As a Staff Engineer for the Capacity and Performance Engineering (CPE) Team, you will be working on efforts to improve the scalability and efficiency of Cruise’s infrastructure. You will need to work cross-functionally with engineering and various teams everyday to drive efficiency initiatives and develop tooling to automate this. You will be responsible for collaborating with engineering for building scalable and efficient platforms, and optimizing our existing platforms. Your day will involve working across teams such as AI, Product, and Infrastructure to develop the structure for cost showback and self-service analysis, leading the CPE team for cloud efficiency discovery and execution, and working on strategic projects that will shape the future of Cruise. In particular, we’re looking for someone with familiarity with high performance compute clusters, scheduler logic, and resource contention tradeoff experience. We’re looking for an engineer that has a proven ability to make logic gate tradeoffs to represent efficiency targets without going too far and is comfortable investing the team in deep understanding to find novel improvements backed by data.
What you'll be doing:
- Provide deepest visibility to what is going on for all products: Run capacity and performance experiments to determine scaling and utilization parameters for various service tiers.

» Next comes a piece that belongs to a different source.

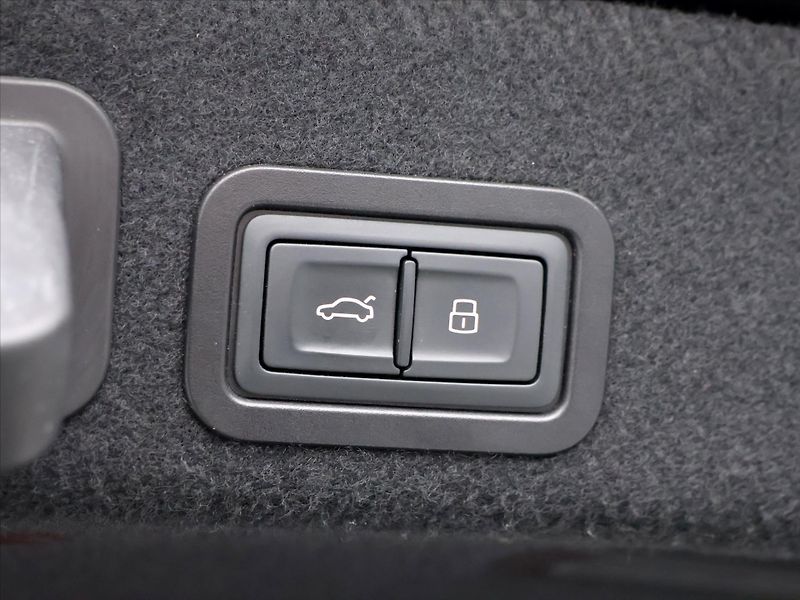 Audi A6 3,0 TDI 240kW quattro S-line C - fotka 11 z 36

- Proactively identify gaps in infrastructure efficiency and workflow efficiencies, with being a key contributor in driving proposals to results
- Partner with engineering teams, Compute/Simulation platform in particular, to conduct capacity and performance experiments to resolve potential performance bottlenecks
- Work closely with software engineers to reduce their consumption of cloud resources and improve their performance
- Work with cloud service providers to proactively negotiate and retain necessary SKUs and capabilities required for efficient scale and capacity readiness
- Work frequently with other teams to coordinate major changes to cross-system architectures, influencing upstream or downstream for the most efficient solution.

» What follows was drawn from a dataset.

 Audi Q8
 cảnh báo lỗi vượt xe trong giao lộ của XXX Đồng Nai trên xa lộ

- Present efficiency opportunities and project cost savings to Cruise executive team
- Design, develop and lead automation to help capacity plan for both near and long term
What you must have:
- Familiarity with HPC clusters, Compute Platforms
- 8+ years experience in capacity or performance engineering role
- 5+ years experience managing teams
- Expert application performance experience
- Expert knowledge of various public cloud providers
- Expert with data modeling for public cloud
- Expert with budgeting and capacity planning experience
- Expert in SQL, Python, scripting, and building automation tools
- Self-disciplined and thrives in fast moving environment
- Excellent communication skills
The salary range for this position is $166,600 - $245,000. Compensation will vary depending on location, job-related knowledge, skills, and experience. You may also be offered a bonus, long-term incentives, and benefits. These ranges are subject to change.